_Instructions to follow:_ What you hand back must match the records word for word, with no pictures.

_Dataset entries:_
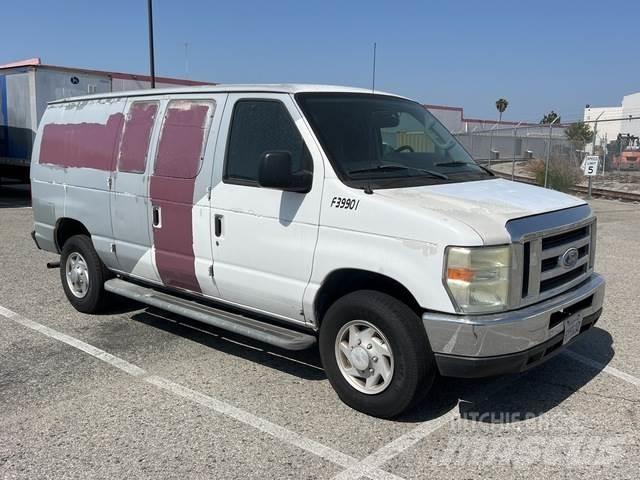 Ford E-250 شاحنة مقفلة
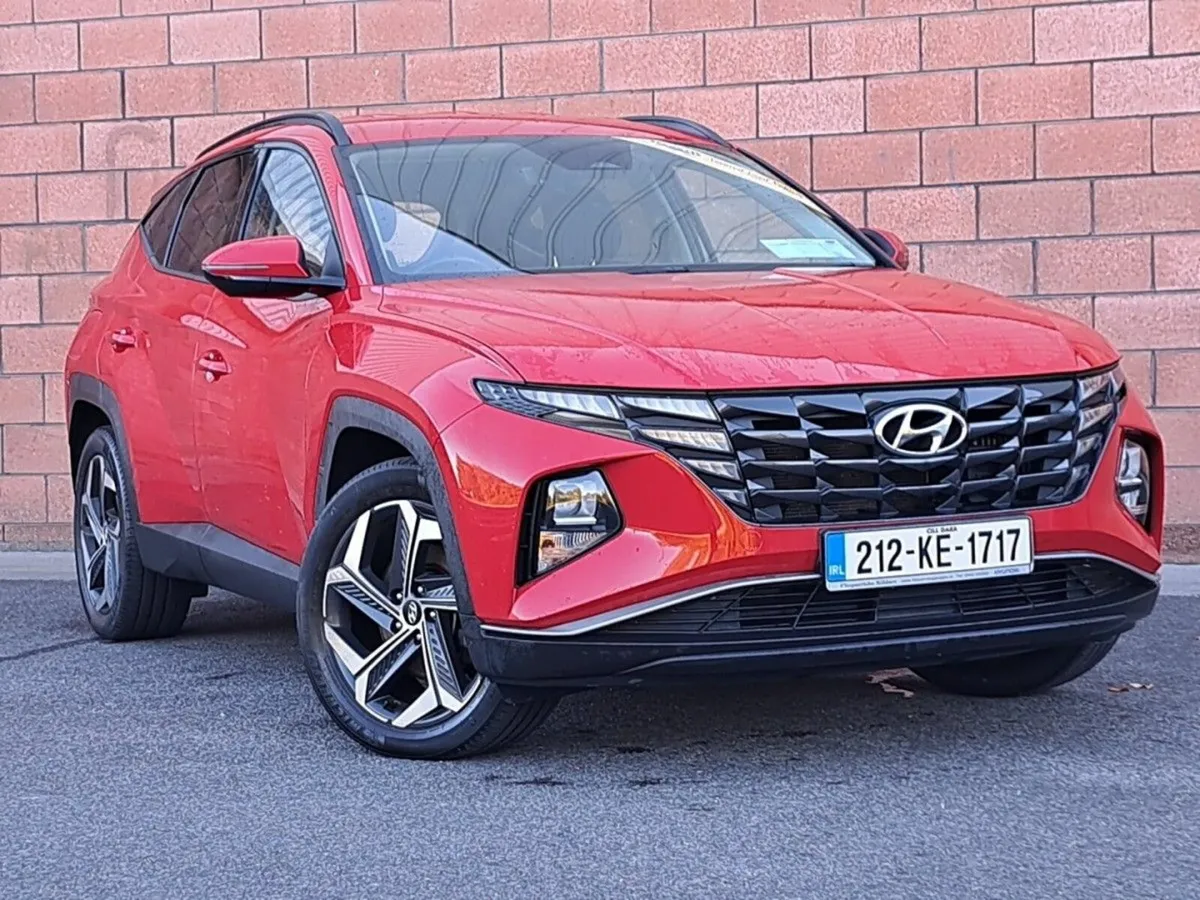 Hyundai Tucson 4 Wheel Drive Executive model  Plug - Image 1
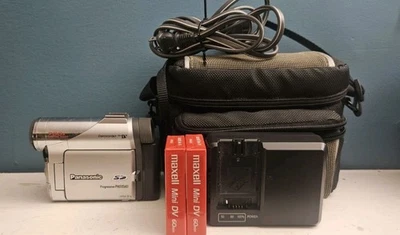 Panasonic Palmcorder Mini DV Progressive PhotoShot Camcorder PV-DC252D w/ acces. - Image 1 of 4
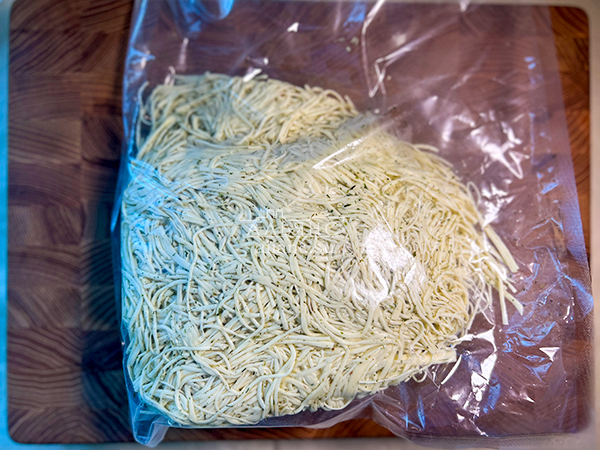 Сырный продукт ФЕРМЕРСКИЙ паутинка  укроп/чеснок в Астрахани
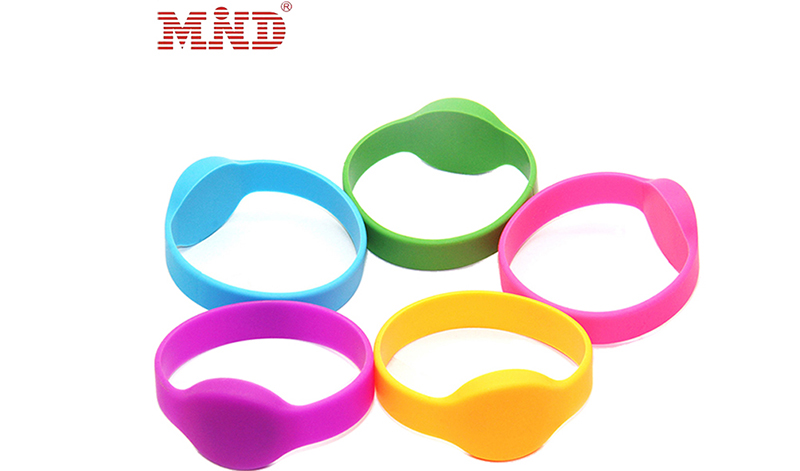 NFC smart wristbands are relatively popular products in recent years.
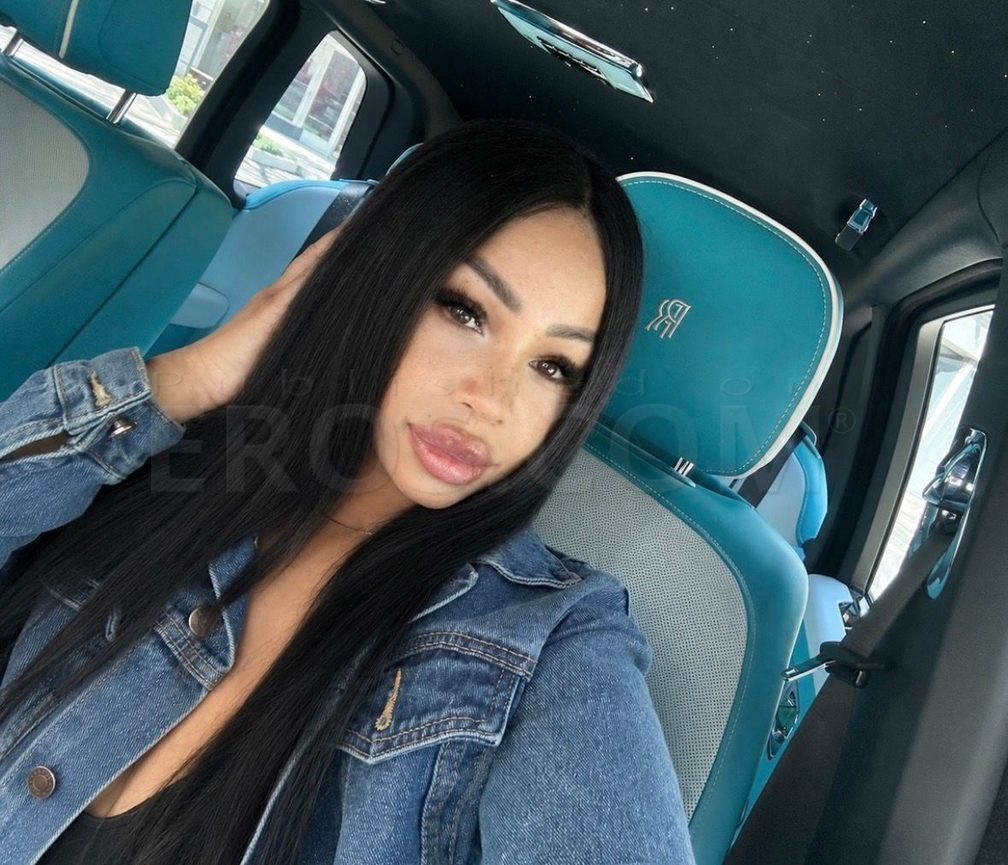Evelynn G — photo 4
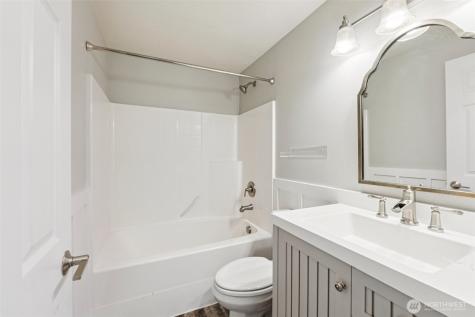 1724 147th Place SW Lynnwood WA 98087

_Response to the exercise:_
 Ford E-250 شاحنة مقفلة
 Hyundai Tucson 4 Wheel Drive Executive model  Plug - Image 1
 Panasonic Palmcorder Mini DV Progressive PhotoShot Camcorder PV-DC252D w/ acces. - Image 1 of 4
 Сырный продукт ФЕРМЕРСКИЙ паутинка  укроп/чеснок в Астрахани
 NFC smart wristbands are relatively popular products in recent years.
Evelynn G — photo 4
 1724 147th Place SW Lynnwood WA 98087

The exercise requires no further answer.